Would you please repeat exactly the entries below, starting at the line with "Mid-Century Modern Danish" and ending at the line with "2025 NEW Slushie", and nothing outside that range? Leave out the pictures.

(Data records)

* * * *

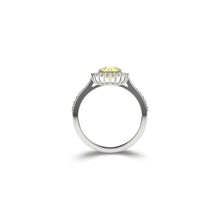 Icon Round Cut Yellow Diamond and White Diamond Engagement Ring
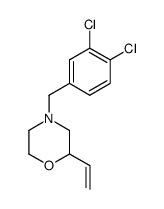 4-(3,4-dichlorobenzyl)-2-vinylmorpholine Structure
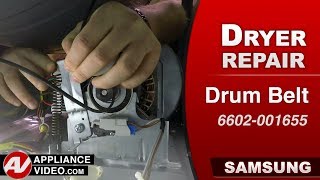 Samsung Dryer Will Not Start - Drum Belt Repair and Diagnostic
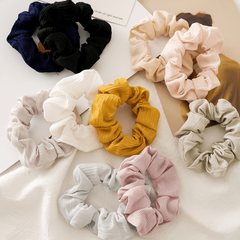 Iridescent Large Scrunchies Colorful Women Retro Hair Accessories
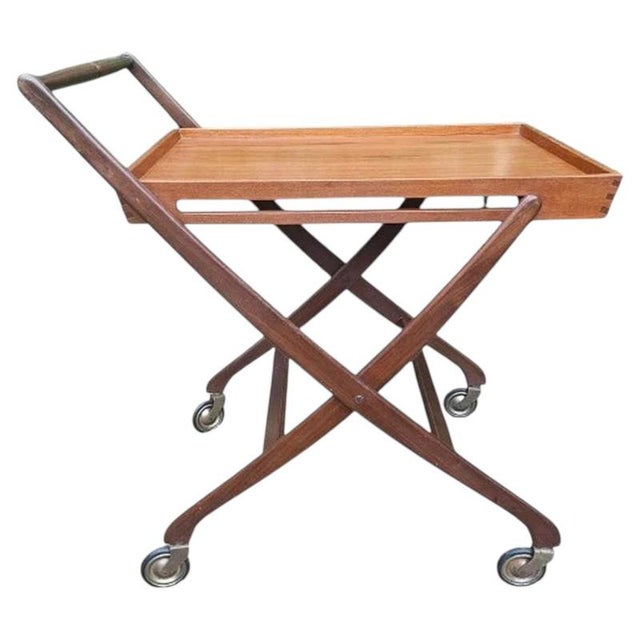 Mid-Century Modern Danish Folding Bar Cart from Svend Åge Madsen, 1960 For Sale - Image 14 of 14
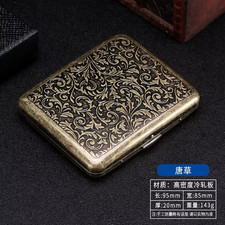Vintage metal cigarette - cigarette, case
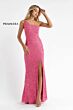 Primavera Couture 3761 Strappy Back One-Shoulder Dress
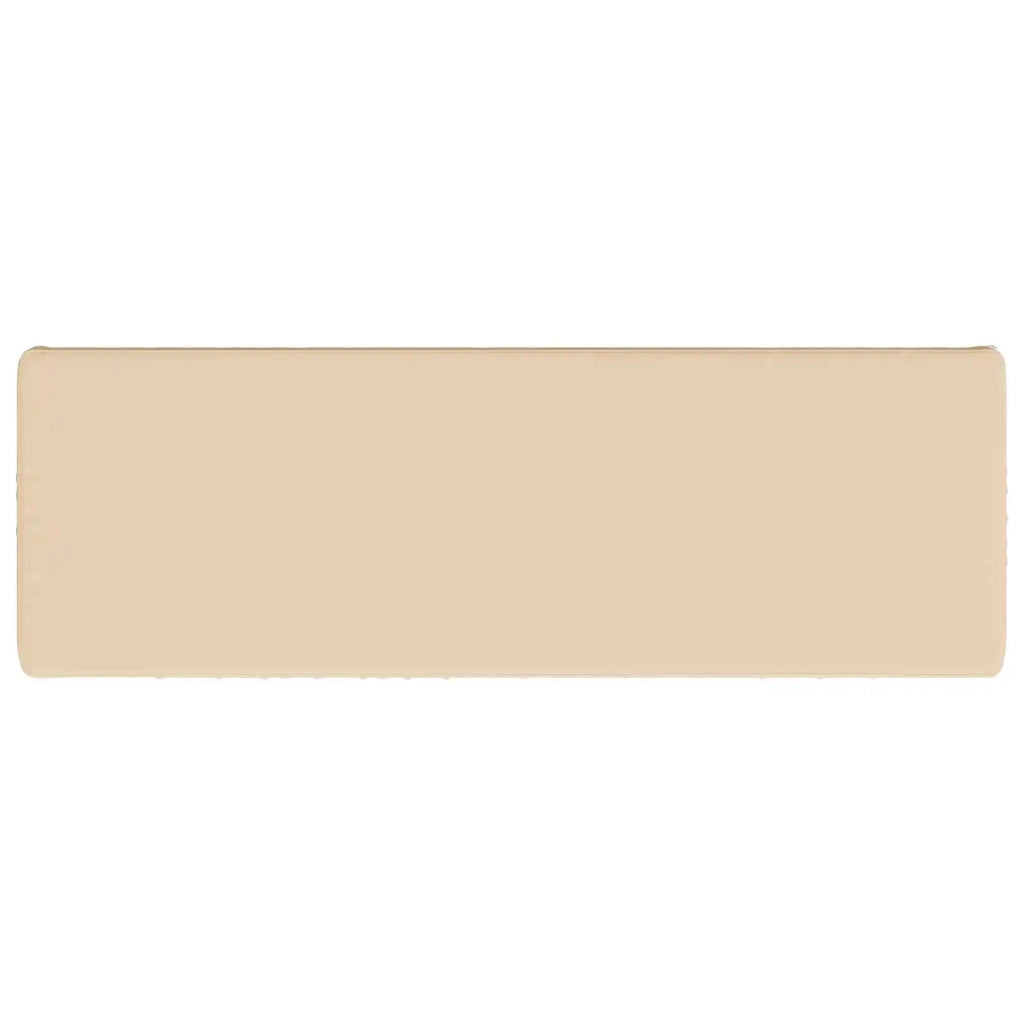 Cuscini per Panchina a 2 Pezzi VUGHT 2 pz 100% Poliestere Crema 952061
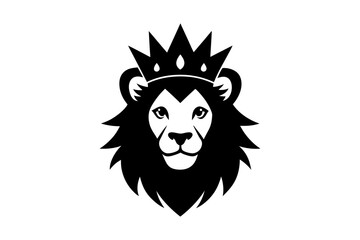 lion head with crown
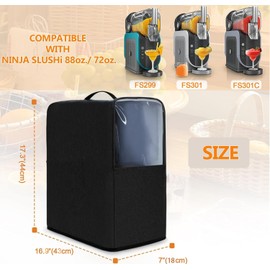 2025 NEW Slushie Machine Dust Cover, Heat-Resistant Waterproof And Dust-Proof 600D Nylon Material, Compatible for FS301C/FS301/FS299 Home Smoothie Machine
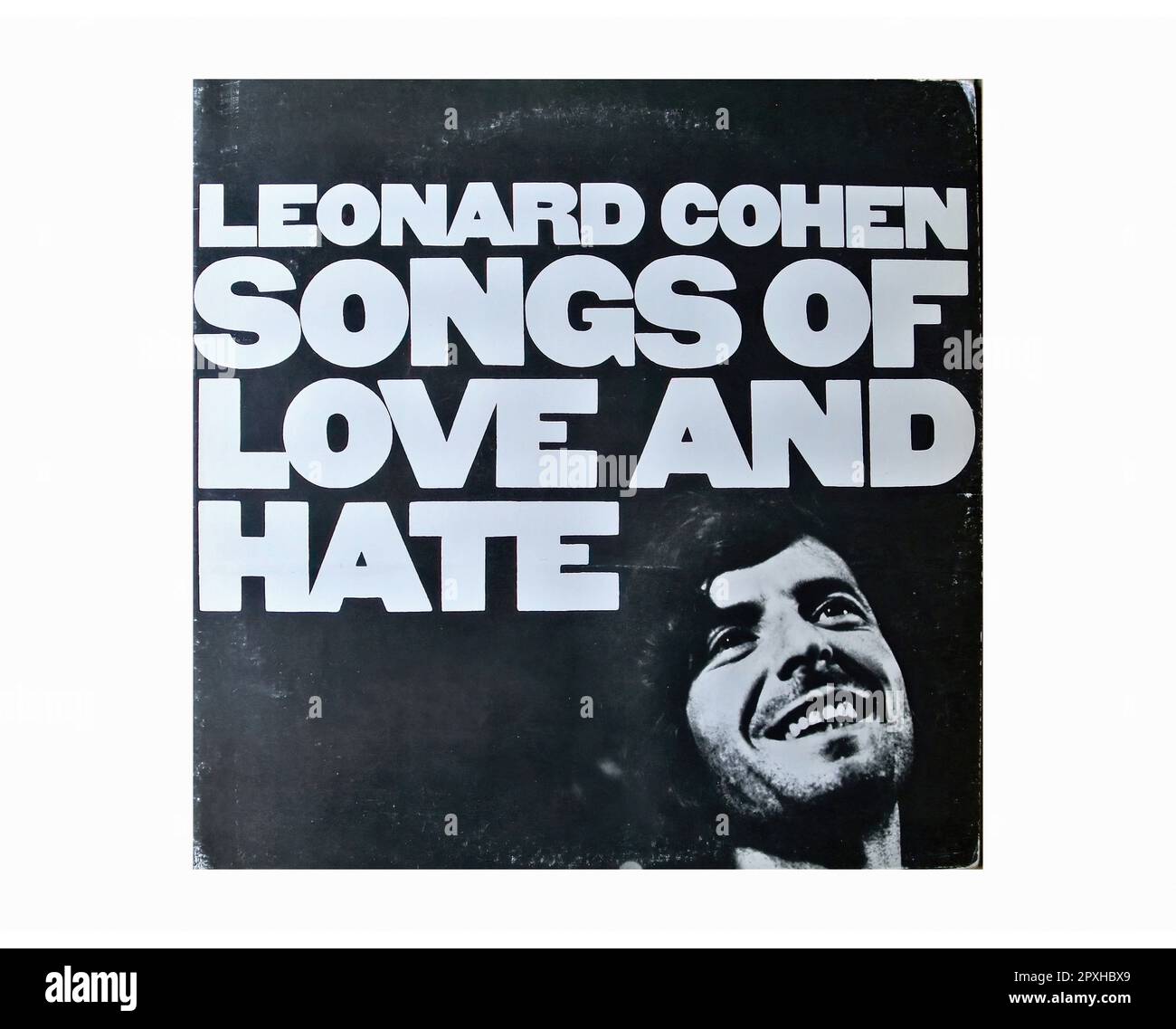 Leonard Cohen - Songs Of Love And Hate - Vintage L.P Music Vinyl Record  Stock Photo - Alamy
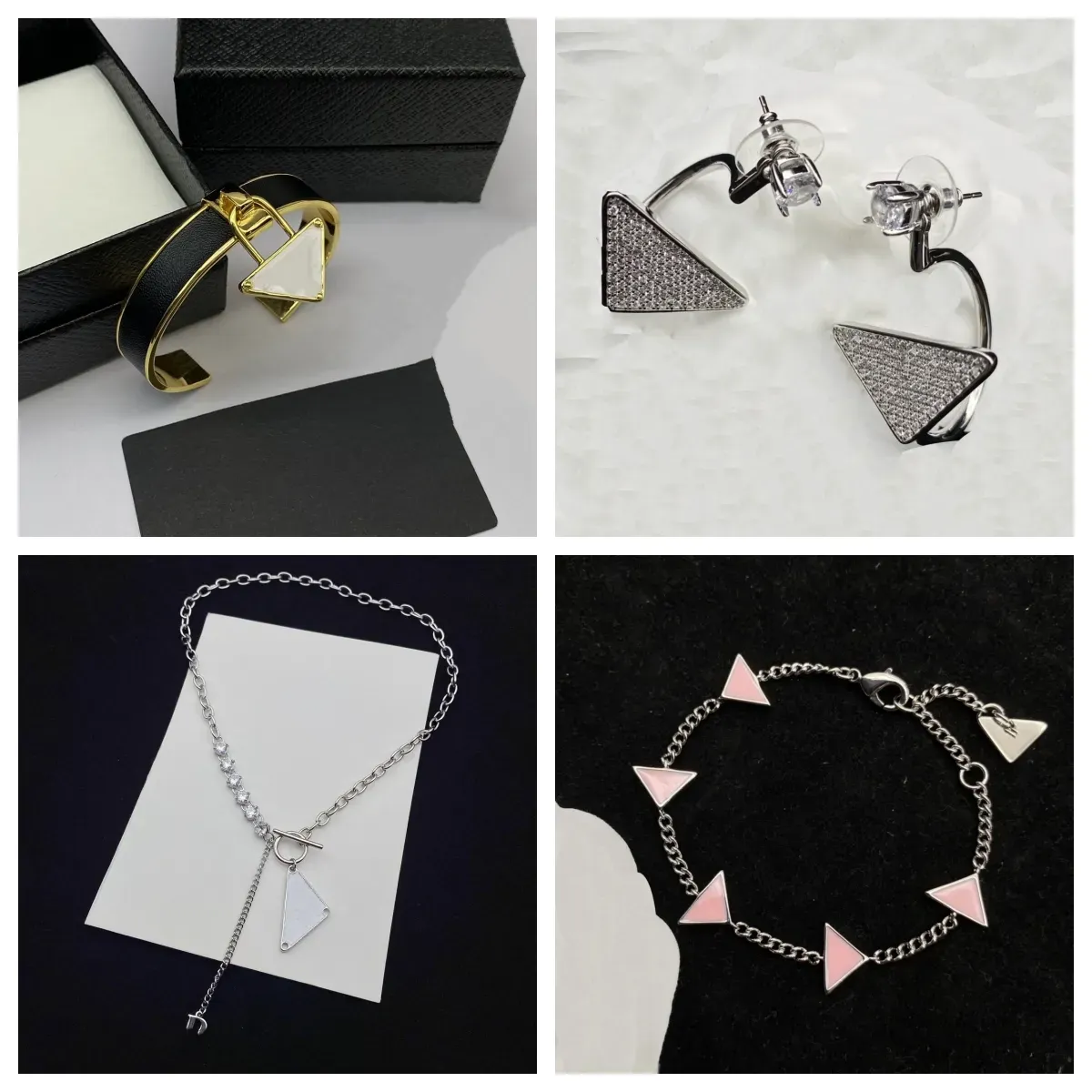 2024 New Fashion Top Look Hot-selling Brand Designer Pendant Necklaces Earrings Bracelet Jewelry Gifts for Women Anniversary Birthday Wife Mom Girlfriend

* * * *

Result:
 Mid-Century Modern Danish Folding Bar Cart from Svend Åge Madsen, 1960 For Sale - Image 14 of 14
Vintage metal cigarette - cigarette, case
 Primavera Couture 3761 Strappy Back One-Shoulder Dress
 Cuscini per Panchina a 2 Pezzi VUGHT 2 pz 100% Poliestere Crema 952061
 lion head with crown
 2025 NEW Slushie Machine Dust Cover, Heat-Resistant Waterproof And Dust-Proof 600D Nylon Material, Compatible for FS301C/FS301/FS299 Home Smoothie Machine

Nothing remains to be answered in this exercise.